The Bengali at work is an odd sight to behold… mainly due to the fact that he’s so not used to working… it’s like, umm what’s the term- fish out of water- or a hilish out of water to be more precise.
Now don’t get me wrong- these guys are brilliant people. Take the case of my office peon. The man is damned near genius. Just ask him to perform a simple task. The first thing he’ll do, even before he hears you out- shake his head sorrowfully and say ‘hobe naa’ and then the man comes up with such brilliant excuses for the ‘hobe naa’ it just takes your breath away.
You quite simply run out of words. It’s easier to get up and do the work yourself! And thus our man Amar has served his purpose of not doing an iota of work. I tell you, the chap’s in the wrong profession. We should just send him out on the field to collect some of our dues. He could successfully rob a man of his patience, and he’ll find it easier to pay up, rather than have a verbal confrontation with Amar.
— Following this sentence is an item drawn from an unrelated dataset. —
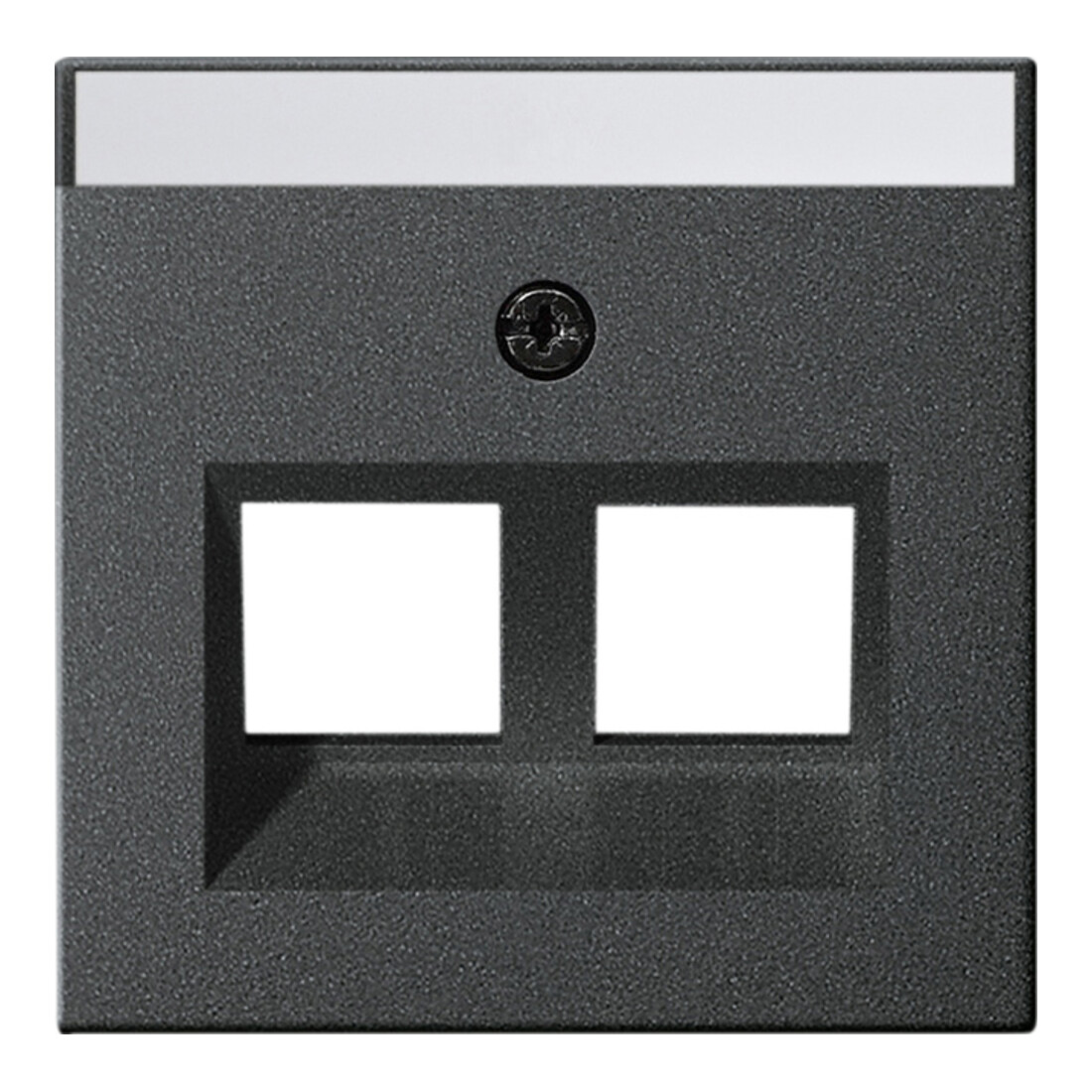 Gira Cache Modular Jack 30° 2x anthracite 264028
The concept of urgency is quite alien to banglas. The average Bengali’s idea of a rush job is to finish an assigned task before three deadlines have passed. Two deadlines is a miracle, and completion before the first deadline is an insult to their intelligence. Not only is it offensive if he finishes it, but he takes it as a personal affront to him, if you dare to do the same. He shall then regard you right down there along with the bourgeois and the capitalists.
But all said and done, no one knows how to enjoy life like a true ‘bong’. Only a true Bengali enjoys the essence of life as hedonists see fit. Ordinary mortals lag far behind in such futuristic thought process, and it is left to the Begalis to lead us into the light.